Please return every record exactly, with no pictures included.
(Beginning of Available records)
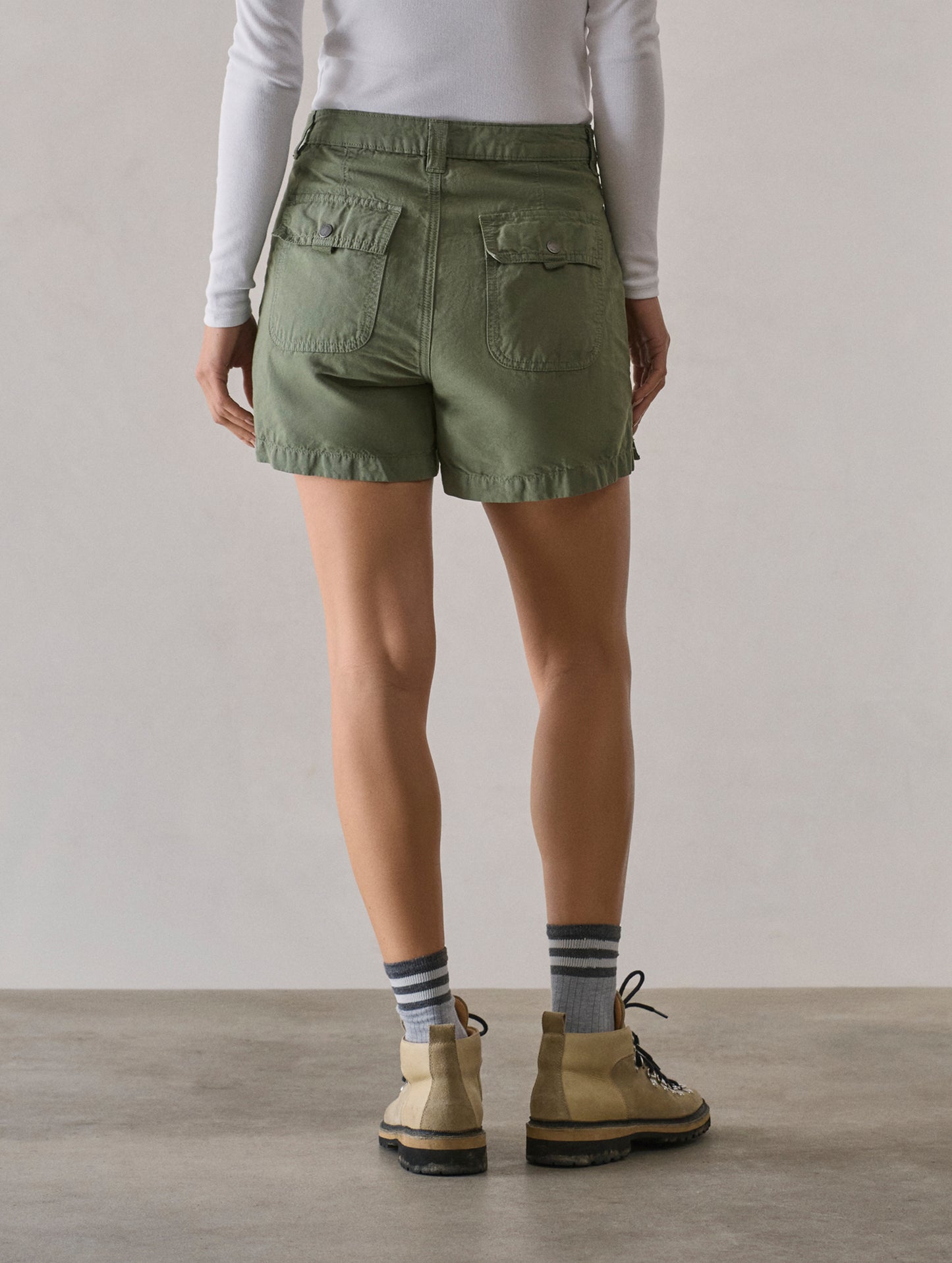 Rear lower body view of woman wearing Masai Safari Short in Fern Green from AETHER Apparel.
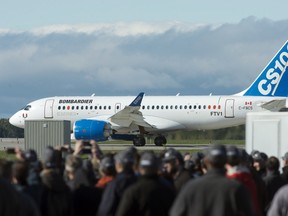 Bombardier's C-Series100 taxis to the runway during  its maiden test flight as employees and guests look on at the company's facility on Monday, Sept. 16, 2013 in Mirabel.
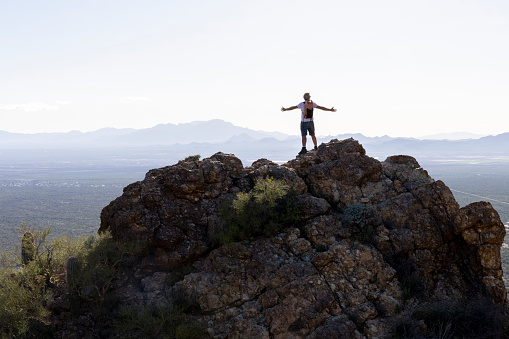 Mature man stretches arms out on rock ridge above valley and mountains, Tucson Mountain Park, Arizona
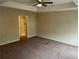 Spacious bedroom with tray ceilings, recessed lighting, and a carpeted floor at 3140 Tylerton Sw Dr, Atlanta, GA 30311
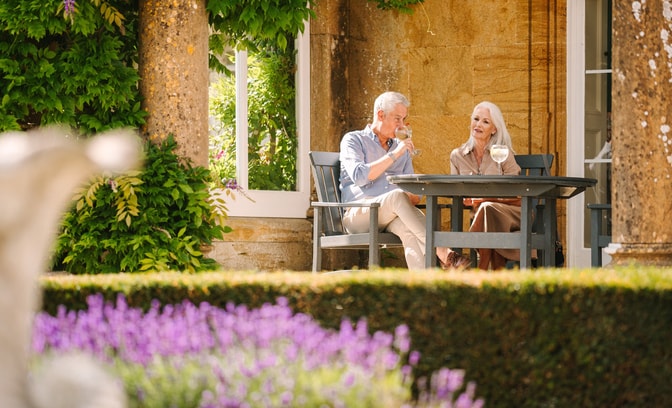 A couple enjoys a relaxed lunch at a garden table surrounded by lush greenery and blooming lavender flowers. Wine glasses are visible.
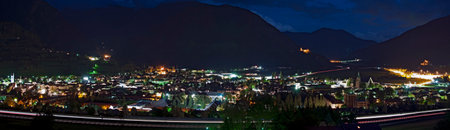 A22 (Brenner highway), Isarco valley in Alps and Vipiteno town by night, Italyのeditorial素材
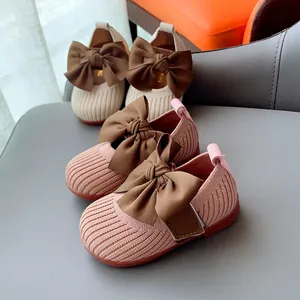Pink and beige knit toddler walking shoes with large satin bows and non-slip soles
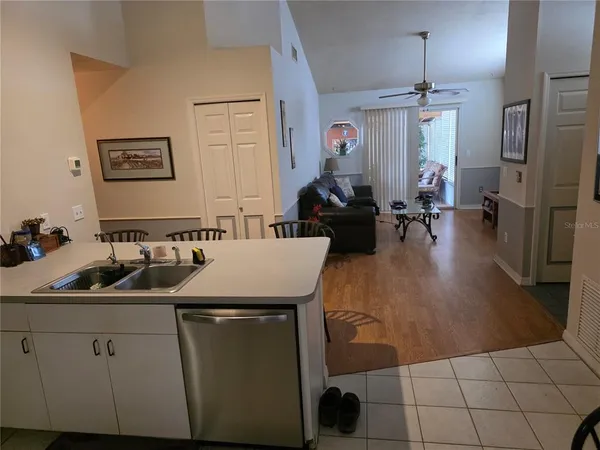 a kitchen with a sink and cabinets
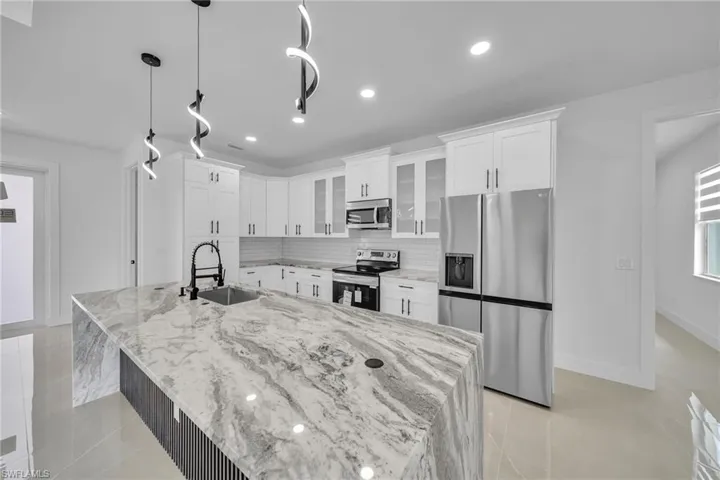 Kitchen with appliances with stainless steel finishes, hanging light fixtures, white cabinets, a large island, and sink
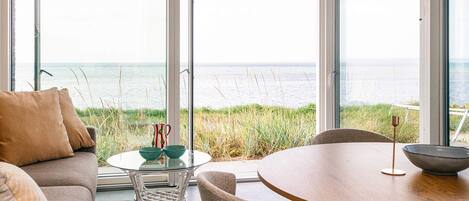 A modern interior with a glass table and chairs, a sofa, and a view of the sea through large windows.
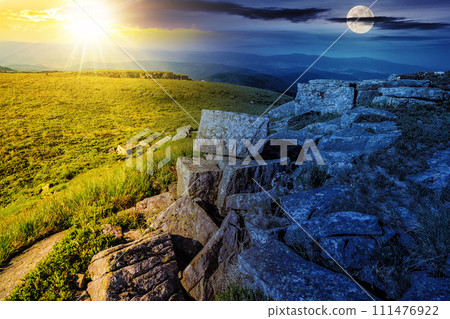 landscape with stones on the hillside with sun and moon at twilight. day and night time change on summer solstice concept. mysterious mountain scenery with green alpine meadows in morning light landscape with stones on the hillside with sun and moon at twilight. day and night time change on summer solstice concept. mysterious mountain scenery with green alpine meadows in morning light 111476922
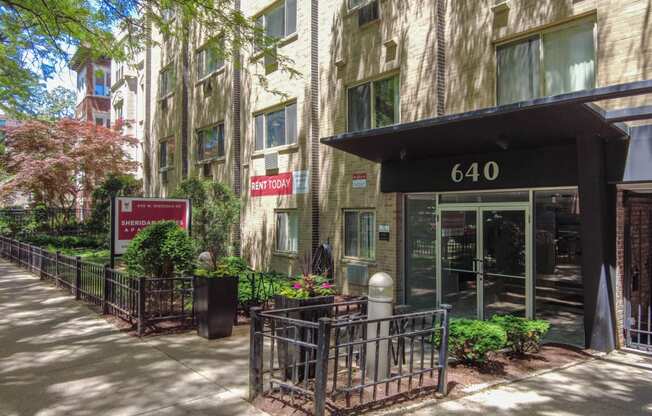 an apartment building with a large entrance and a sign that says 6410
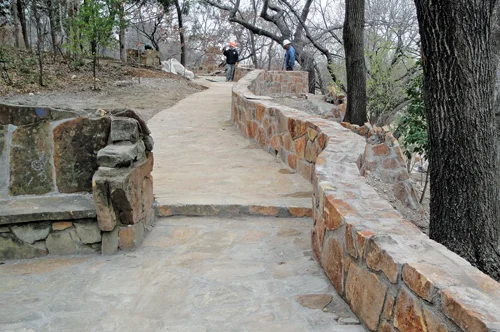 The restored walkways have wonderful views overlooking the adjacent creek and meadow. Landscape improvements will complement this piece of history with the surrounding woodland hillside. Photo Courtesy of Hasen Construction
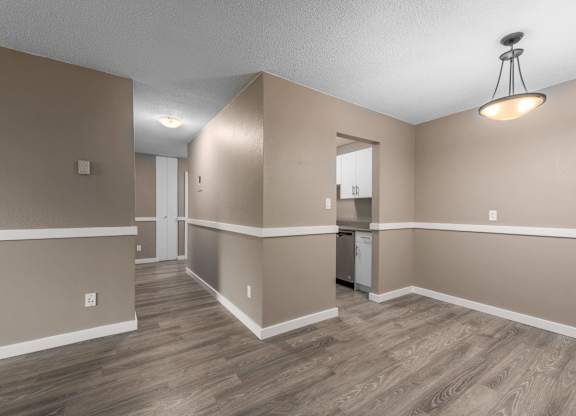 A room with a washer and dryer in it.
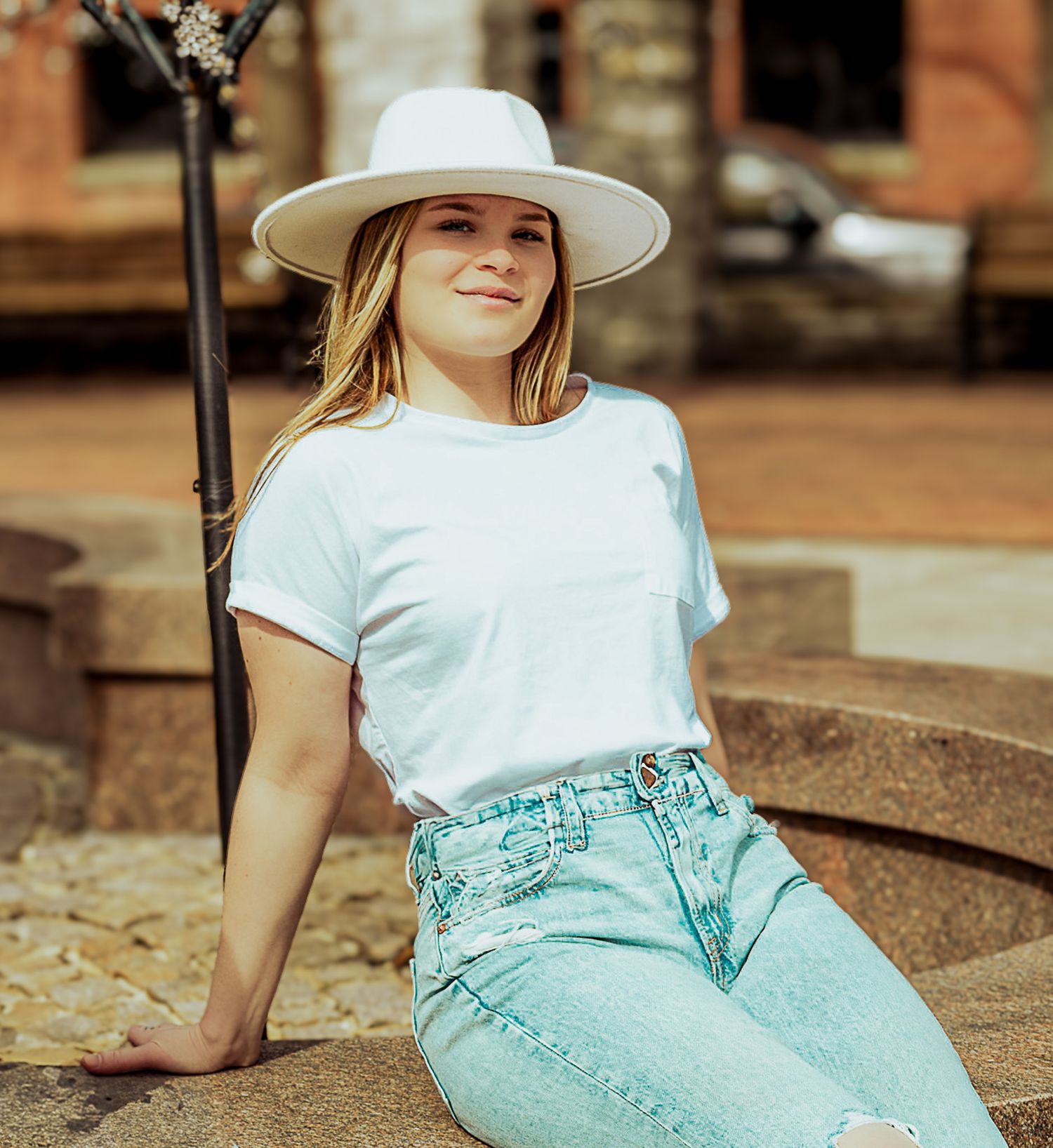 Young woman in white hat, white t-shirt, and light jeans sitting outdoors in a sunny urban setting.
(End of Available records)
Finished task —
 Rear lower body view of woman wearing Masai Safari Short in Fern Green from AETHER Apparel.
 Bombardier's C-Series100 taxis to the runway during  its maiden test flight as employees and guests look on at the company's facility on Monday, Sept. 16, 2013 in Mirabel.
 Mature man stretches arms out on rock ridge above valley and mountains, Tucson Mountain Park, Arizona
 Spacious bedroom with tray ceilings, recessed lighting, and a carpeted floor at 3140 Tylerton Sw Dr, Atlanta, GA 30311
 A couple enjoys a relaxed lunch at a garden table surrounded by lush greenery and blooming lavender flowers. Wine glasses are visible.
 A22 (Brenner highway), Isarco valley in Alps and Vipiteno town by night, Italyのeditorial素材
Pink and beige knit toddler walking shoes with large satin bows and non-slip soles
 a kitchen with a sink and cabinets
 Kitchen with appliances with stainless steel finishes, hanging light fixtures, white cabinets, a large island, and sink
 A modern interior with a glass table and chairs, a sofa, and a view of the sea through large windows.
 landscape with stones on the hillside with sun and moon at twilight. day and night time change on summer solstice concept. mysterious mountain scenery with green alpine meadows in morning light landscape with stones on the hillside with sun and moon at twilight. day and night time change on summer solstice concept. mysterious mountain scenery with green alpine meadows in morning light 111476922
 an apartment building with a large entrance and a sign that says 6410
 The restored walkways have wonderful views overlooking the adjacent creek and meadow. Landscape improvements will complement this piece of history with the surrounding woodland hillside. Photo Courtesy of Hasen Construction
 A room with a washer and dryer in it.
 Young woman in white hat, white t-shirt, and light jeans sitting outdoors in a sunny urban setting.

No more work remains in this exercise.